No apology needs to be made for MGM’s handsome 1952 production of Scaramouche, which has the most important of all qualities needed for swashbucklers – a sense of flair, in this case buoyed by a lilting music score by Victor Young. MGM purchased the film rights soon after the Sabatini novel was published in 1921. A year later the public flocked to see the popular Ramon Novarro in a silent filming of this spectacular tale of the adventures of a dashing nobleman in the years of the French Revolution. A generation later they lined up to see an even more splendid Technicolor version with Stewart Granger as the hero and Mel Ferrer as the villain. The hero, André Moreau, is a lighthearted playboy, supported by the stipends of his unknown father. When the payments cease he finds he is the son of the deceased Duc de Gavrillac, which is a complication because he is in love with the beautiful Aline de Gavrillac (Janet Leigh). He retreats, assuming her to be his sister, and she in turn is courted by the elegant Marquis de Maynes (Ferrer), reputedly the finest swordsman in France. The two men run afoul of each other in an argument, with Andre forced to make his escape because he cannot fence. He vows one day to have revenge.

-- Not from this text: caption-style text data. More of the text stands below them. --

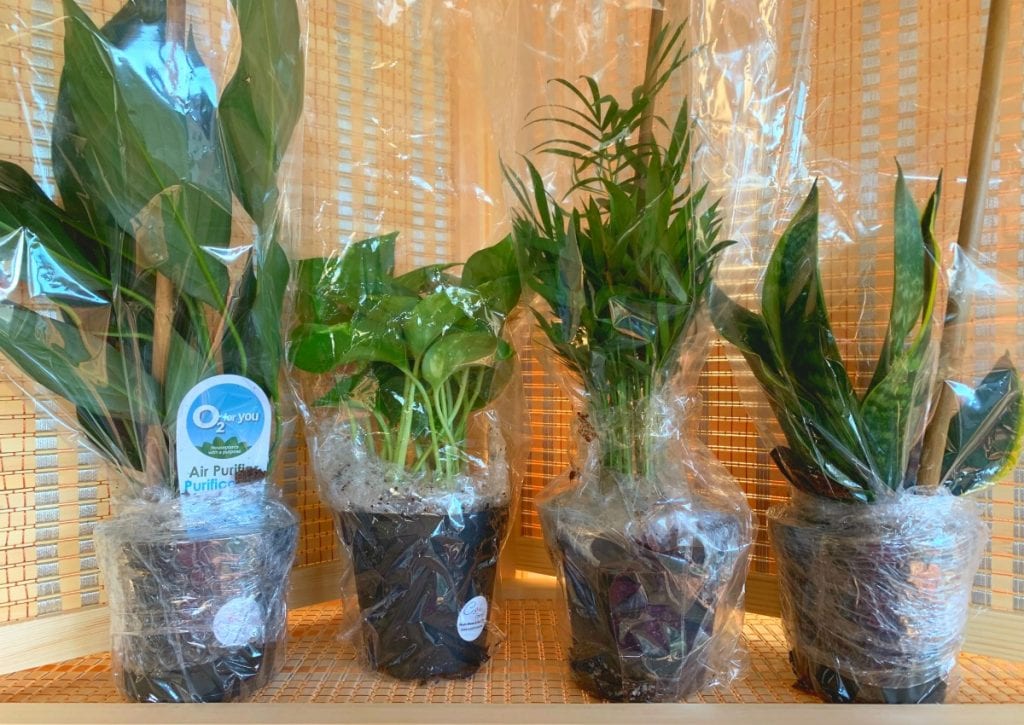 four houseplants in pots wrapped in plastic against wicker background from best place to buy indoor plants online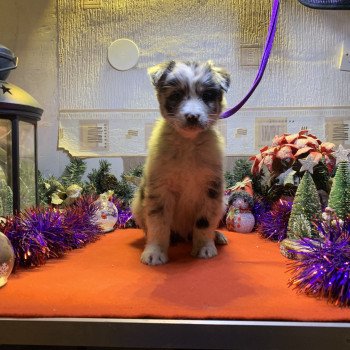 chiot Berger australien Bleu merle bicolore Male bleu bi Elevage in memory of nanou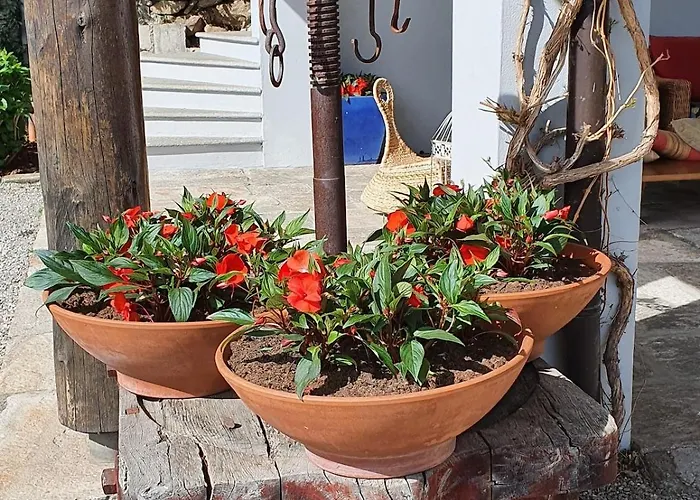 I Carcioni Infinity Pool *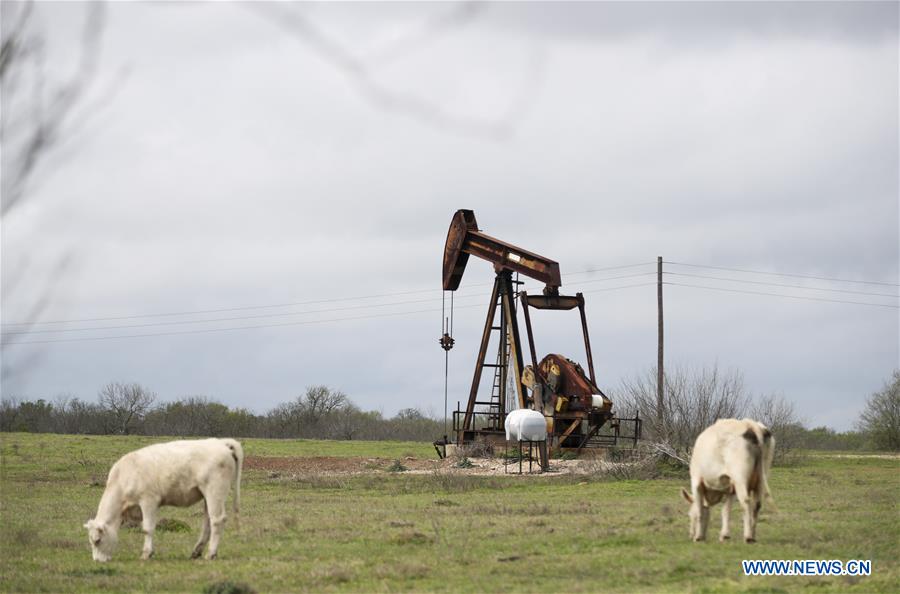 FILE-U.S.-TEXAS-LULING-OIL PRICES-CRASH
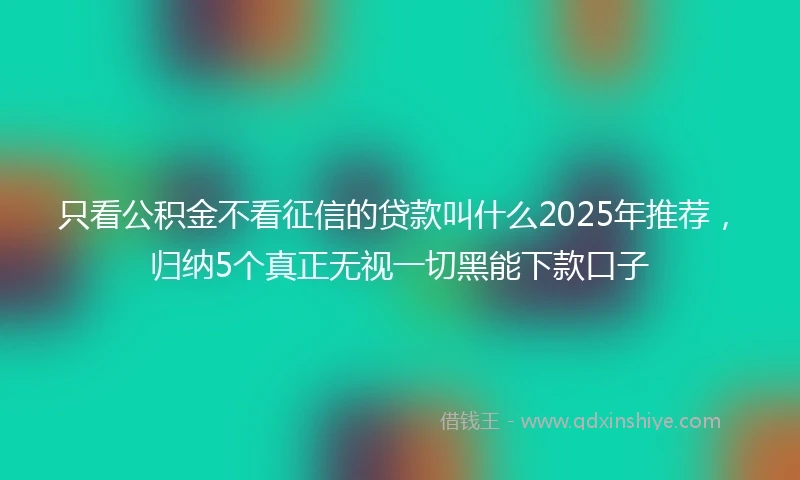只看公积金不看征信的贷款叫什么2025年推荐，归纳5个真正无视一切黑能下款口子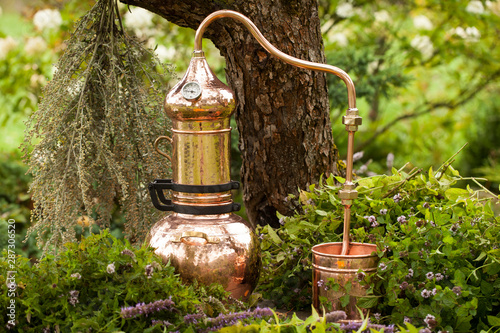 Obraz na plátně Alembic is a distilling apparatus of Arabic origin which may be used to distill essential oils and a variety of alcoholic beverages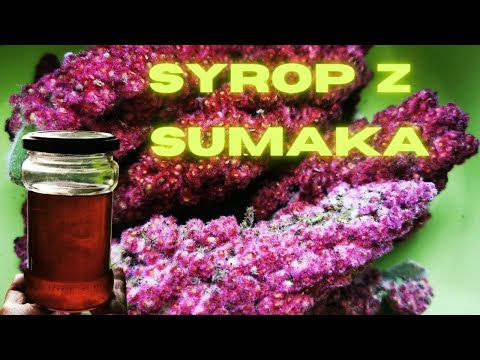 Sumak Octowiec - Syrop zawierający mnóstwo witaminy C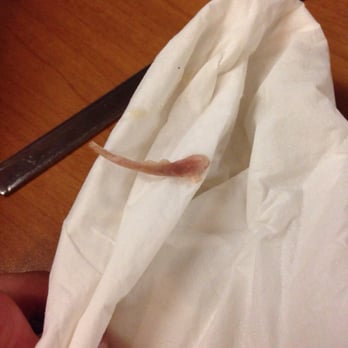 JD Campbell's - The bone I found in my meal. Small enough to choke on... I got a little $5 gift card from the restaurant to come back and use... - Bars Near Me - Peoria, Arizona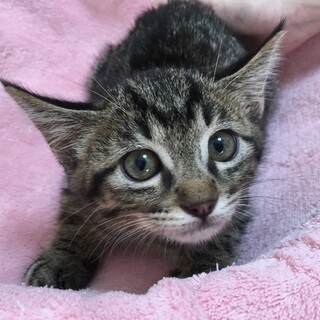 甘えん坊のキジ猫ペック君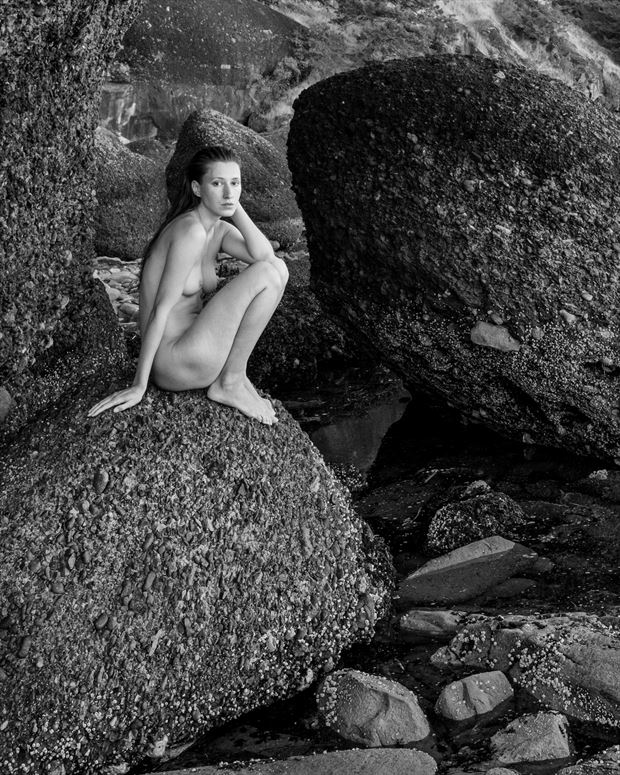 nude portrait of kate on a rock with barnicles fashion photo by photographer lightworkx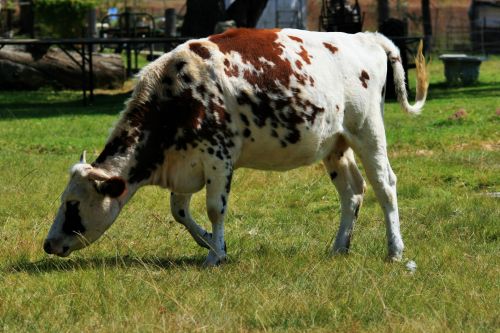 White &amp; Brown Mottled Cow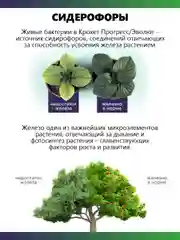 Крокет Прогресс, удобрение для начальных этапов развития растения и рассады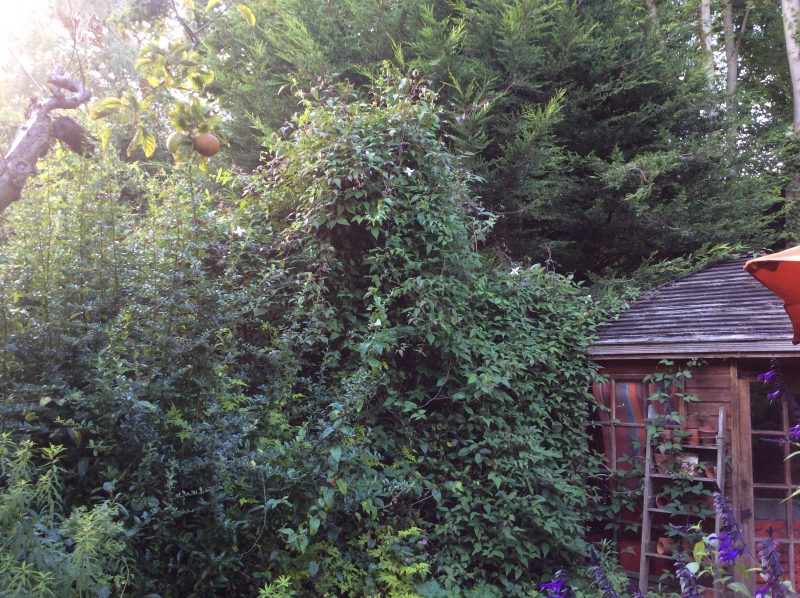 Clematis climber in a cottage garden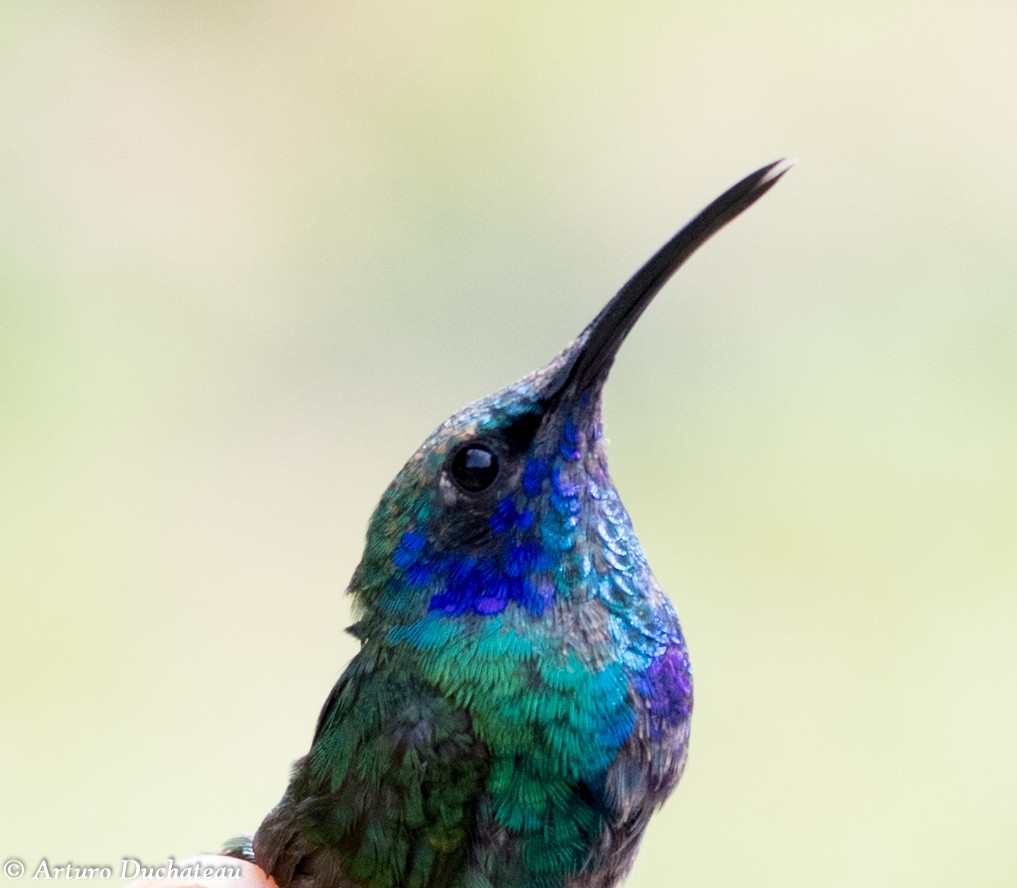 Mexican Violetear - Arturo Duchateau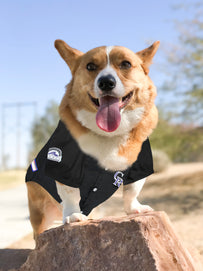 Colorado Rockies Pet Jersey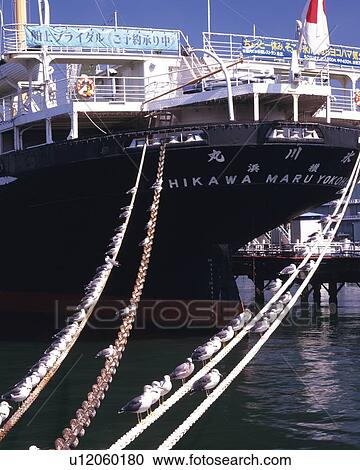 the Hikawamaru Ship, With a Large Group of Sea Gulls Sitting on the Chains, Front View, Yokohama City, Kanagawa Prefecture, Japan View Large Photo Image Stock Image - the Hikawamaru Ship, With a Large Group of Sea Gulls Sitting on the Chains, Front View, Yokohama City, Kanagawa Prefecture, Japan. Fotosearch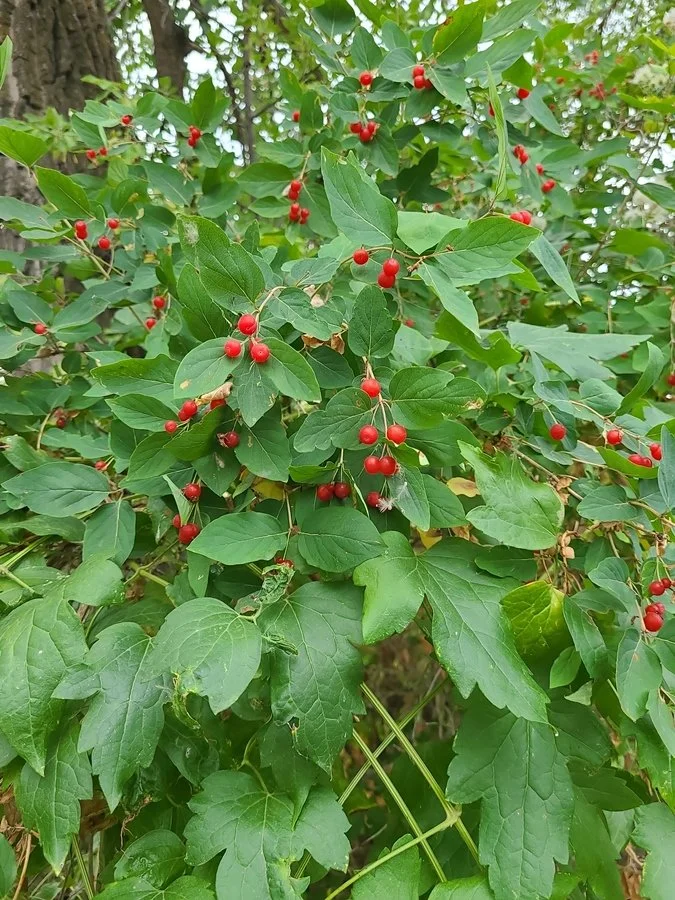 Invasive Plants evening nature walk
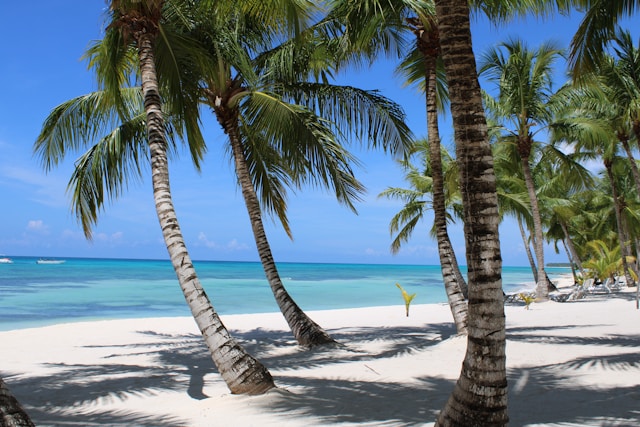 to Punta Cana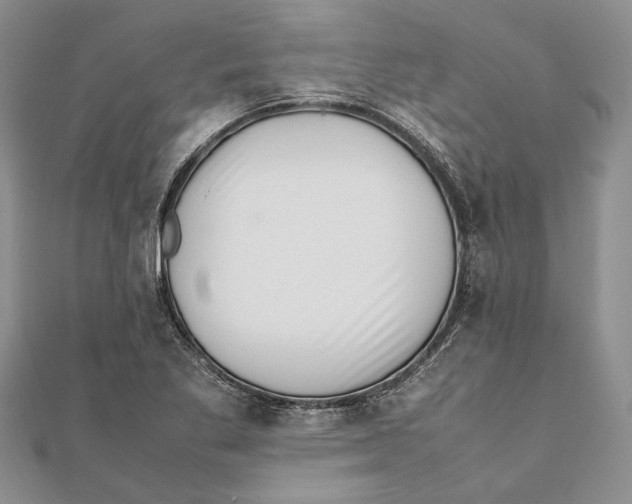X0000111391269200908071248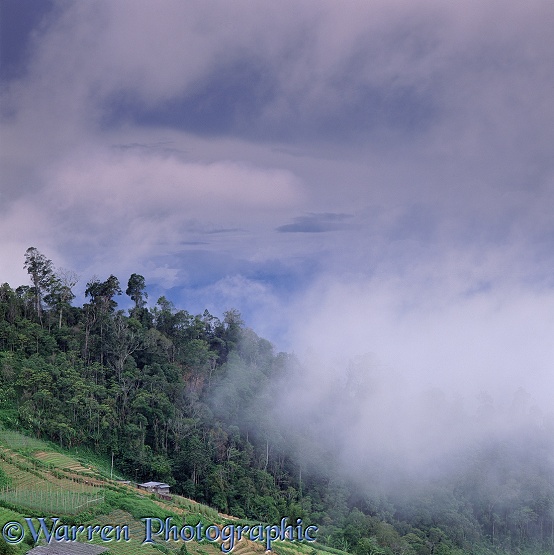 Forest & low clouds.  Borneo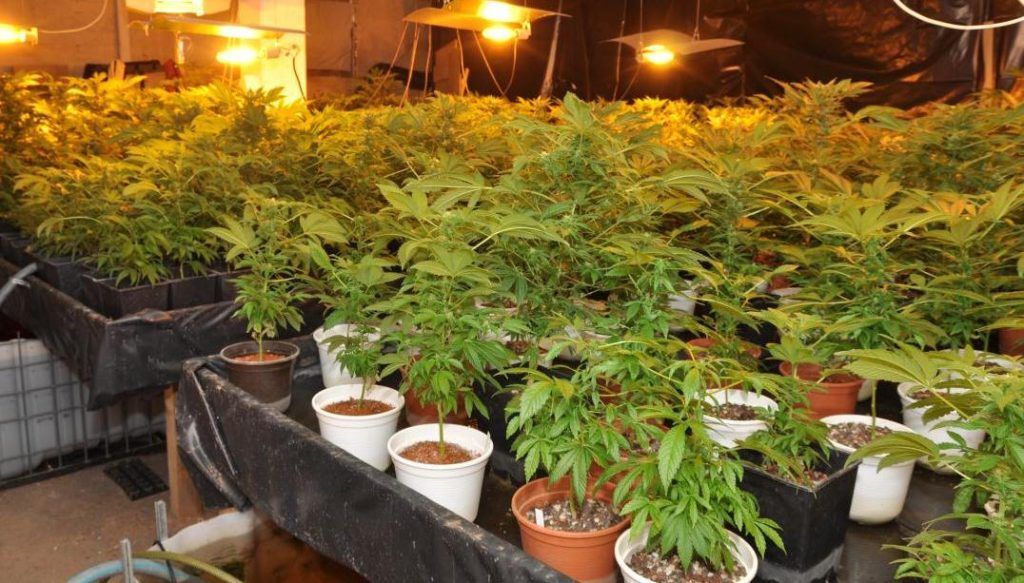 Wallner zur Cannabis-Freigabe in Deutschland: "Wurden nicht gefragt"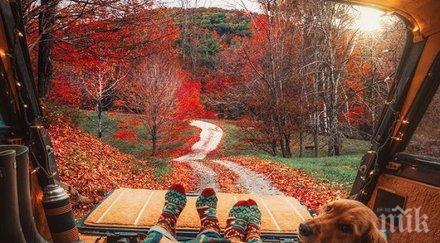 звездите говорят повишава романтичната нагласа задължително подрежете косата поне милиметър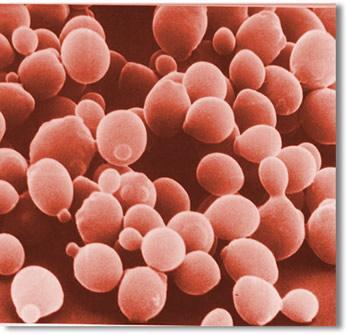 Saccharomycetes přehled čeledí a rodů Řád Saccharomycetales Kudryavtsev (1960) Čeleď Saccharomycodaceae Kudrjanzev (1960), 4 rody, asi 10 druhů.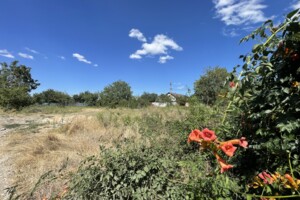 Земельна ділянка під житлову забудову в Великодолинському, площа 6 соток фото 2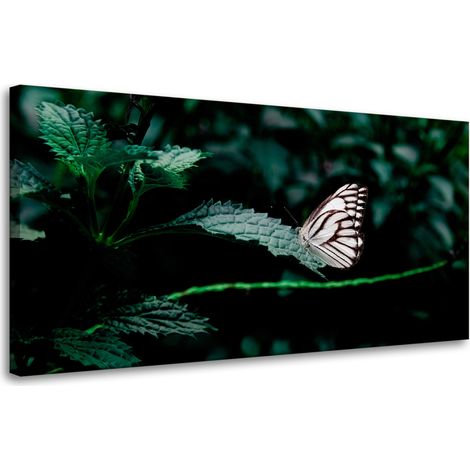 Leinwanddruck Natur Schmetterling auf einem Blatt 80x40 cm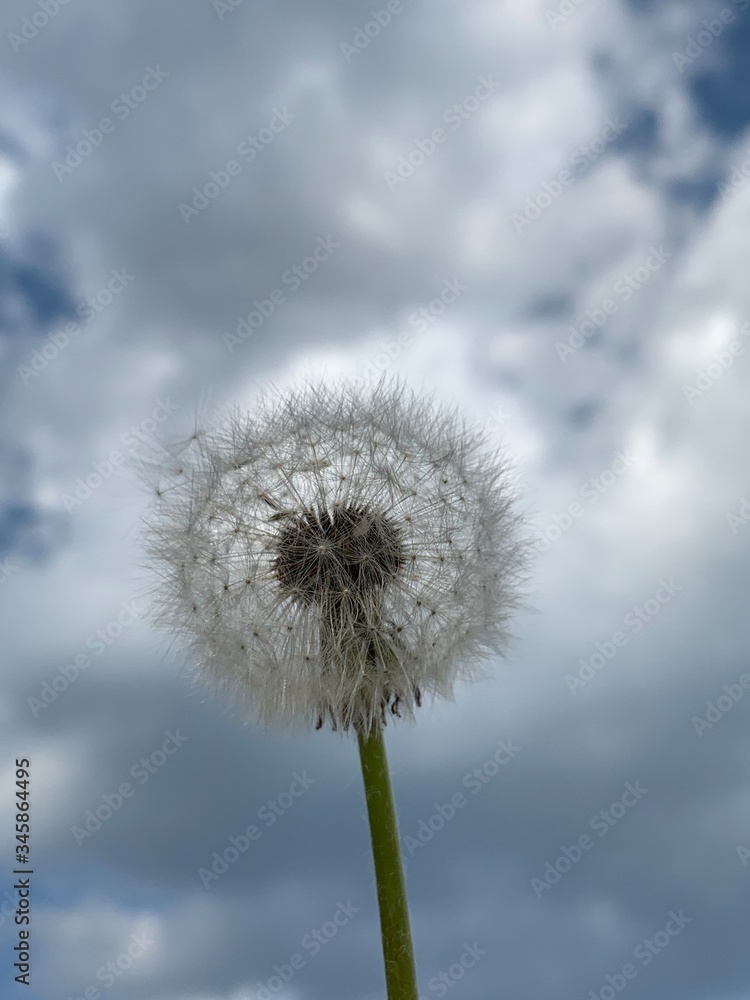 Photography of dandelion with blue sky in background Photography of dandelion with blue sky in background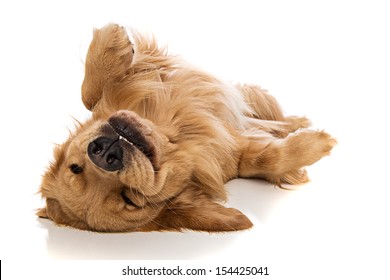 A cute golden retriever laying down comfortably on his back.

In the meantime he hides out with a theatrical troupe and assumes the disguise of a masked clown called Scaramouche, all the while taking fencing lessons from a master swordsman. The troupe’s leading actress, Lenore (Eleanor Parker), falls in love with Andre but finds his heart is set only on Aline. Eventually Andre challenges the marquis to a duel and beats him, but for some reason hesitates to kill him. It turns out the marquis is his half-brother, that Andre is not a Gavrillac and can therefore marry his adored Aline.
A beautifully balanced film of romance and heroism, Scaramouche is supported all the way by the music of American-born composer Victor Young. In Hollywood since 1936, Young had garnered plenty of experience scoring such costumed epics as Reap the Wild Wind (1942) and Samson and Delilah (1949) along with adventure films like For Whom the Bell Tolls (1943) and Around the World in Eighty Days (1956). He was a master melodist whose tunes often made memorable songs – “Stella by Starlight” from his chillingly impressionistic score The Uninvited is just one example. It takes only one hearing of Young’s music for Scaramouche to know that this was a film for which he was the perfect choice.